[Image-text web data]
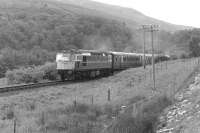 A Fort William - Glasgow train between Roy Bridge and Tulloch in July 1963 with a BRCW Type 2 in charge.<br>
<br><br>[Colin Miller /07/1963]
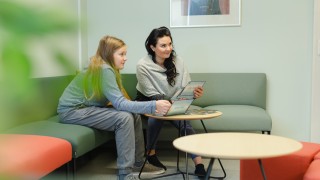 Nuori ja aikuinen istuvat sohvalla, juttelevat ja katsovat Mun stoori-kortteja.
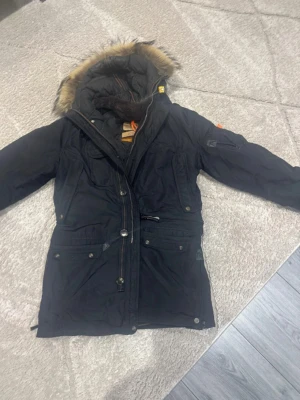Svart parkas från Parajumpers - Säljer en svart parkas från Parajumpers med avtagbar fuskpäls på huvan och flera praktiska fickor. Jackan har långa ärmar, dragkedja och knappar framtill samt patchdetalj på ena ärmen. Perfekt för kalla dagar.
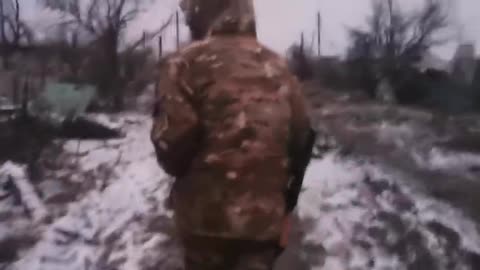 A destroyed Ukrainian M113 APC in a ruined neighborhood of Marinka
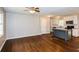 Open-concept living room with hardwood floors seamlessly connects to the kitchen area at 3773 Sarahs Ln, Tucker, GA 30084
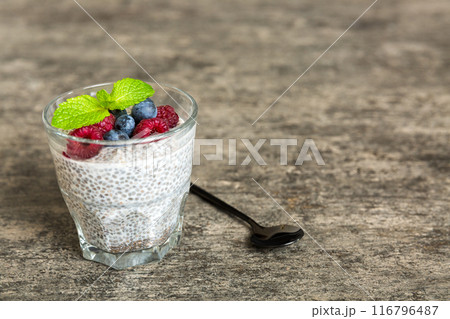 Healthy breakfast or morning with chia seeds vanilla pudding raspberry and blueberry berries on table background, vegetarian food, diet and health concept. Chia pudding with raspberry and blueberry Healthy breakfast or morning with chia seeds vanilla pudding raspberry and blueberry berries on table background, vegetarian food, diet and health concept. Chia pudding with raspberry and blueberry 116796487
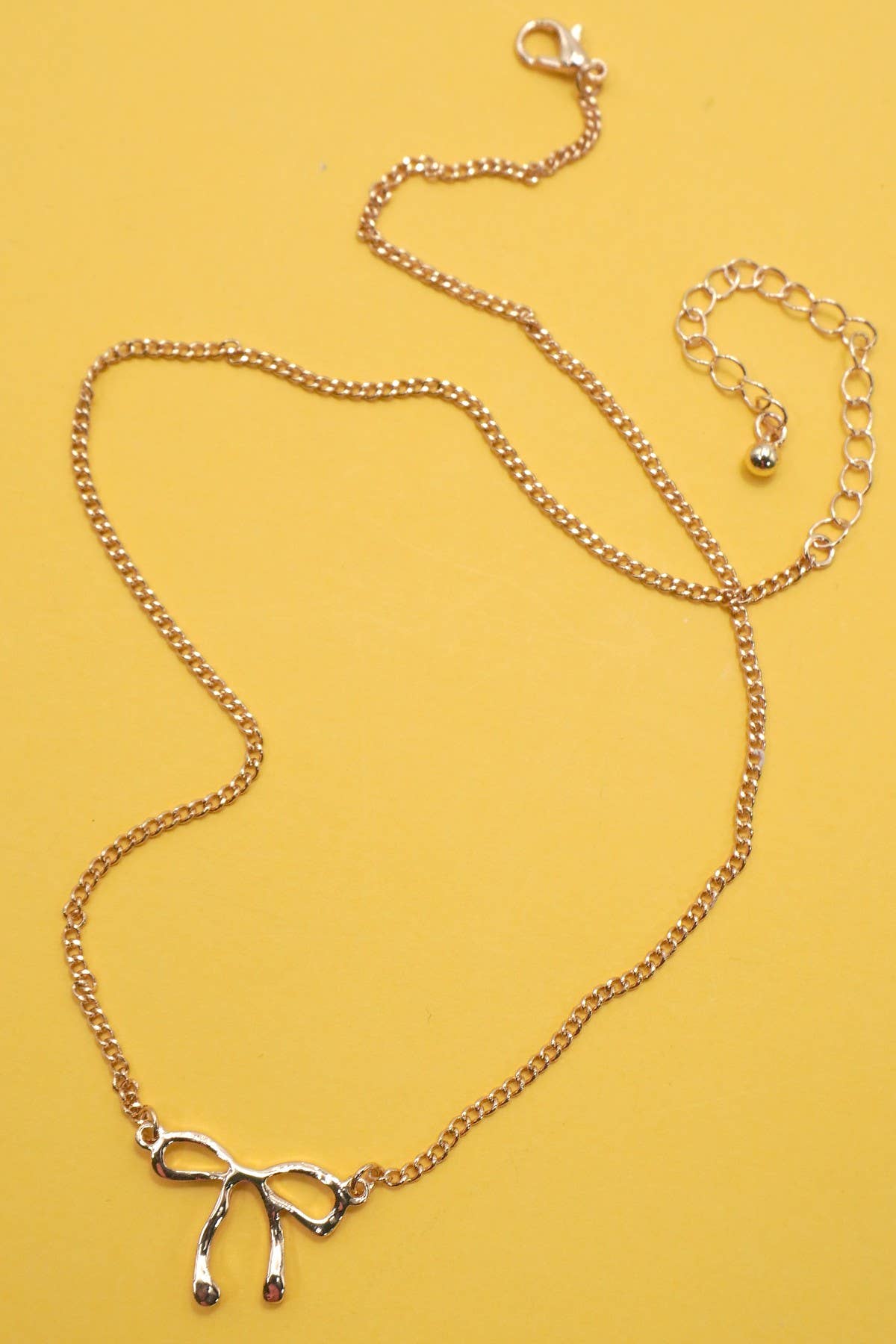 CLASSIC HAMMERED BOW NECKLACE | 31N50532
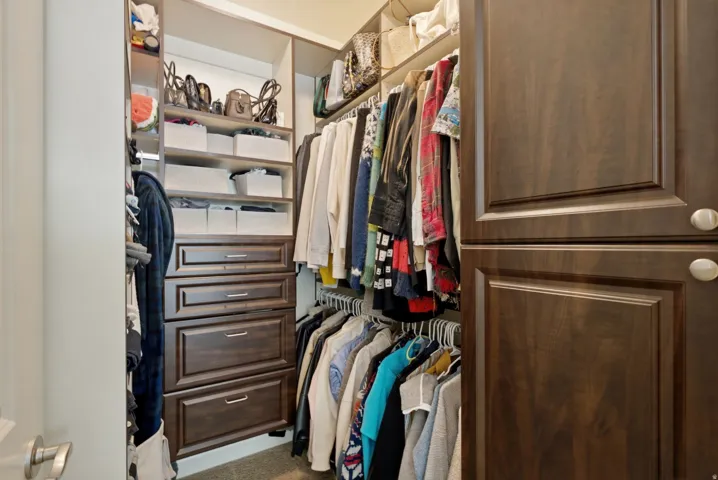 Spacious walk-in closet featuring custom wood-finish cabinetry with multiple drawers, adjustable shelving throughout, and a double hanging rod system for organized clothing storage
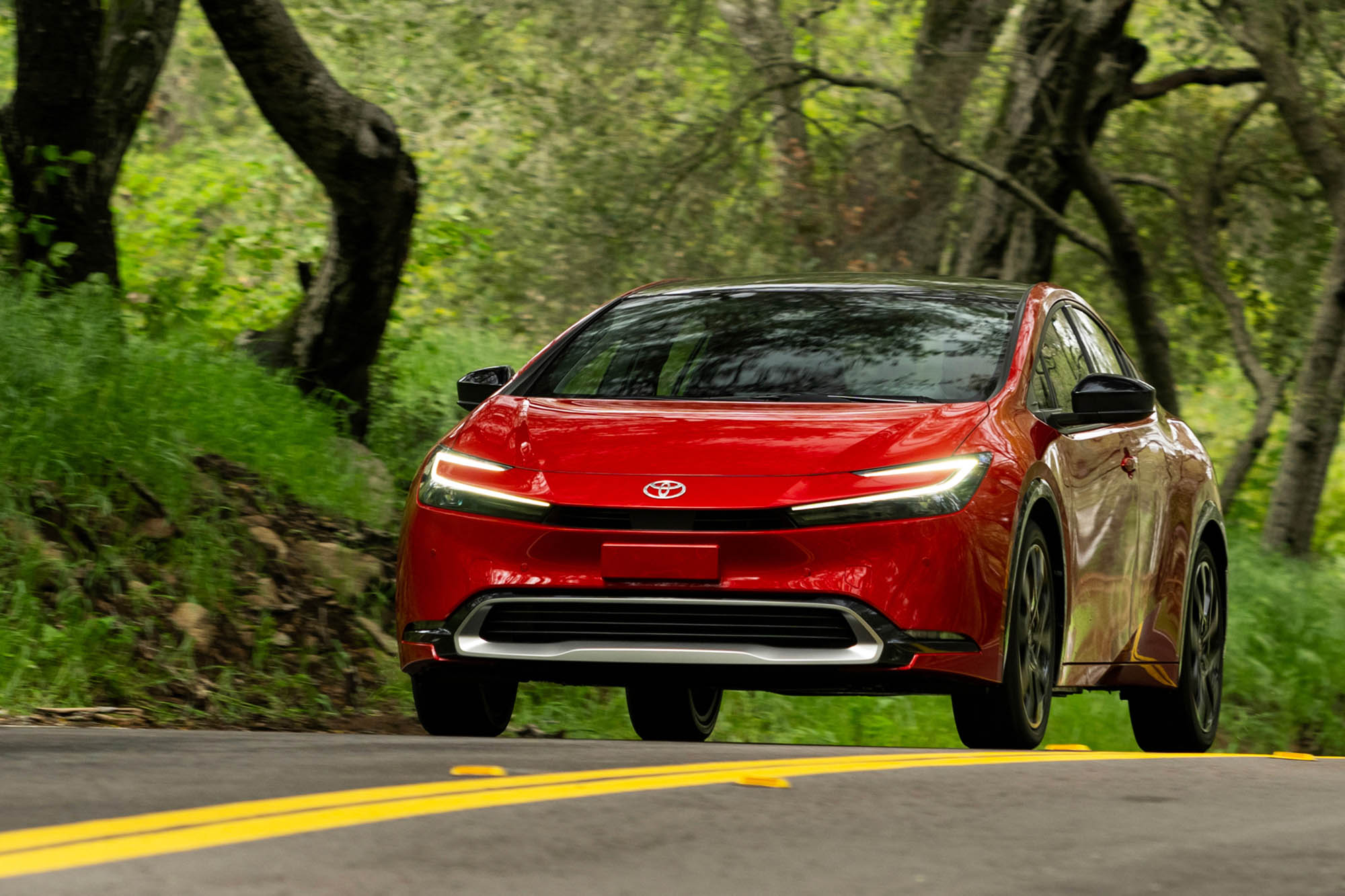Red 2024 Toyota Prius Prime driving on paved road with trees on the side.
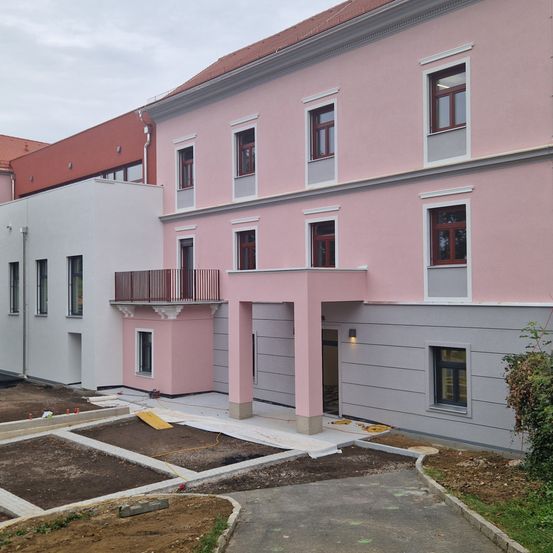 Ein zweistöckiges Gebäude mit rosa Außenwänden und grauen Akzenten, einschließlich eines Balkons und einer Einfahrt, im Bau mit einem teilweise gepflasterten Bereich und Grünflächen.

● Work request
I would like the exact lines from the data above, starting with the one that holds "<br><br>[Colin Miller /07/1963]" and going on through the one that holds "Svart parkas från Parajumpers - Säljer", without the pictures.

● Solution to this task
<br><br>[Colin Miller /07/1963]
 Nuori ja aikuinen istuvat sohvalla, juttelevat ja katsovat Mun stoori-kortteja.
Svart parkas från Parajumpers - Säljer en svart parkas från Parajumpers med avtagbar fuskpäls på huvan och flera praktiska fickor. Jackan har långa ärmar, dragkedja och knappar framtill samt patchdetalj på ena ärmen. Perfekt för kalla dagar.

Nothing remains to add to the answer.